1. A kit for detecting acidophilic bacteria of watermelons is characterized in that: comprises an RPA primer pair, 2 mu L of an RPA amplification product system and 50 mu L of a crRNA/LbCAs12a mixed system; the RPA amplification product system comprises RPA enzyme powder, 29.5 mu L of rehydration buffer, 11 mu L of nuclease-free water, 280 nM magnesium acetate and 2 mu L of genome DNA; the crRNA/LbCAs12a mixture comprises 100 nM LbCAs12a, 120 nM crRNA, 400 nM ssDNA FQ-report, 20U RNase inhibitor, 5 μL 10 XNEBuffer 3.1 and ddH ₂ O is 50 mu L in total;

the RPA primer pair sequences are shown in SEQ ID No.1 and SEQ ID No.2, and the crRNA sequence is shown in SEQ ID No. 3; the concentration of the forward primer and the reverse primer in the RPA primer pair is 10 mu M, and the content is 2.5 mu L; FQ-reporter sequence is 5'-FAM-TTATT-Quencher-3'.

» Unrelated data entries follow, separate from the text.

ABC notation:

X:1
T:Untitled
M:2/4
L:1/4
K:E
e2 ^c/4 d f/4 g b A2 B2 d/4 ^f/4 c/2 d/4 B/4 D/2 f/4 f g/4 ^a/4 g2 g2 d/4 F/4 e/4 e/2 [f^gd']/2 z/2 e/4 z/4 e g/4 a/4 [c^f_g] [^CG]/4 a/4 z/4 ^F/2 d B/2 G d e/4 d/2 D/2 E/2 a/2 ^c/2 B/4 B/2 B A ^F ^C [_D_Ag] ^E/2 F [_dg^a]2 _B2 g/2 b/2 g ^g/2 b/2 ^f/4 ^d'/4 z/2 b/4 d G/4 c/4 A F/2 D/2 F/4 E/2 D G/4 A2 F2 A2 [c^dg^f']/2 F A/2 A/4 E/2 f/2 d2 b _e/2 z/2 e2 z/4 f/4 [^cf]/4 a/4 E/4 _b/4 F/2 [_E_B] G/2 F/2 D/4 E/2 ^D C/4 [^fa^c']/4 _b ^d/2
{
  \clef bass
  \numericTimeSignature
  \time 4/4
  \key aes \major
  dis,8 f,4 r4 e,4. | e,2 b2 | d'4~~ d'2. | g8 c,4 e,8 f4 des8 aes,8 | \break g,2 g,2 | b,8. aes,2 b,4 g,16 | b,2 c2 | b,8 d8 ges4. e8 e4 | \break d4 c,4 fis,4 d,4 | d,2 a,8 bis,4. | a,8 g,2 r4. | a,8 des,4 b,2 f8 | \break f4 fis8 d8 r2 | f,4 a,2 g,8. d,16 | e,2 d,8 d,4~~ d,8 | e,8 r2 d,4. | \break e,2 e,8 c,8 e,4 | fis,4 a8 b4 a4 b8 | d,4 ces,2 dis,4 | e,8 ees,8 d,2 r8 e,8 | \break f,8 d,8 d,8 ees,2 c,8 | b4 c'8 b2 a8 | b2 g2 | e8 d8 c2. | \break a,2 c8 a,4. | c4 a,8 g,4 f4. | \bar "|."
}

2. The method of using the kit of claim 1, comprising the steps of:

3. The method of use according to claim 2, wherein: the volume of the 10 mu M RPA primer pair in the step (1) is 2.5 mu L, the volume of the rehydration buffer is 29.5 mu L, the volume of the nuclease-free water is 11 mu L, and the volume of the microbial genome DNA of the seed to be detected is 2 mu L.

4. The method of use according to claim 2, wherein: the volume of 280. 280 nM magnesium acetate in the step (2) is 2.5 mu L, and the incubation condition is that the incubation is performed for 30 min at 37 ℃.

5. The method of claim 2, wherein the crRNA/LbCas12a mixed system in step (3) is prepared by the steps of: 100 nM LbCAs12a and 120 nM crRNA are pre-mixed and pre-incubated at 25℃for 10 min to promote formation of crRNA/LbCAs12a complex, then 400 nM ssDNA FQ-reporter, 20U RNase inhibitor, 2. Mu.L RPA amplification product, 5. Mu.L 10 XNEBuffer 3.1 are added to make up the reaction system and ddH is added ₂ O to 50. Mu.L.

6. The method of use according to claim 2, wherein: the temperature of the trans-cutting reaction in the step (3) is 37 ℃; the observation mode is that every 30 s is at λex:485 nm; λem:535 Primary fluorescence was measured at nm or macroscopic observation was performed under 254nm uv light.